Exercise directions:
For this listing, reproduce the line with "The Big Heat", the line with "New York congressional", and the lines between, exactly as they stand. Leave out pictures and all other lines.

Exercise material:

Start of Block

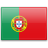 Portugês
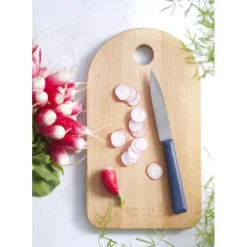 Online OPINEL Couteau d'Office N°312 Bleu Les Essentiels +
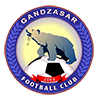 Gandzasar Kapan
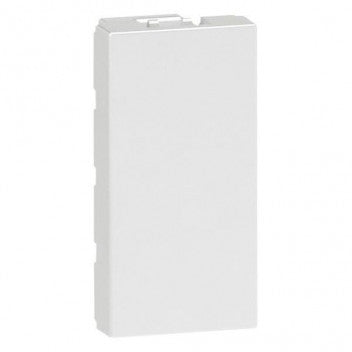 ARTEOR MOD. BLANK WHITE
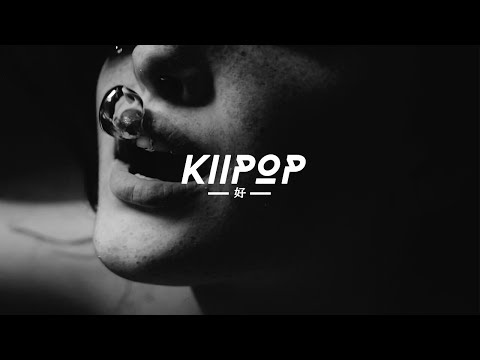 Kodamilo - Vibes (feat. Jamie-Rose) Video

End of Block
Start of Block

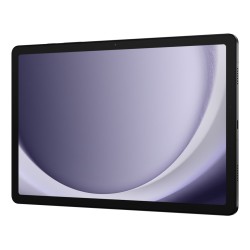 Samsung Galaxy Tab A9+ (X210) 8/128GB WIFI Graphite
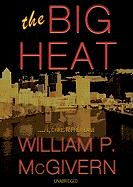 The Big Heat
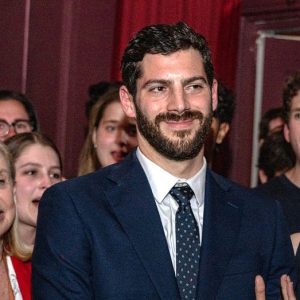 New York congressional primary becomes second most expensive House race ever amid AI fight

End of Block
Start of Block

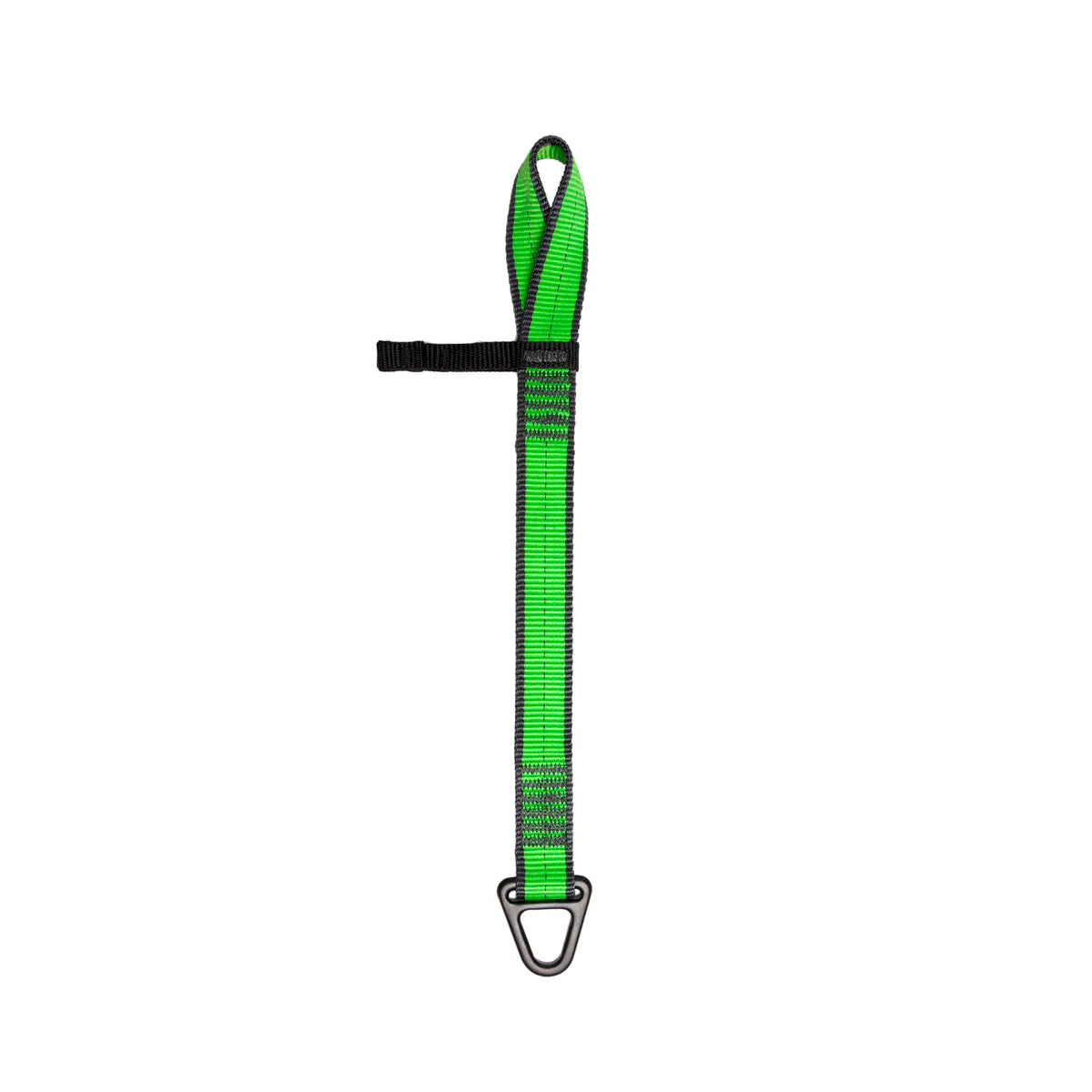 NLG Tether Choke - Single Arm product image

End of Block

Written solution:
 The Big Heat
 New York congressional primary becomes second most expensive House race ever amid AI fight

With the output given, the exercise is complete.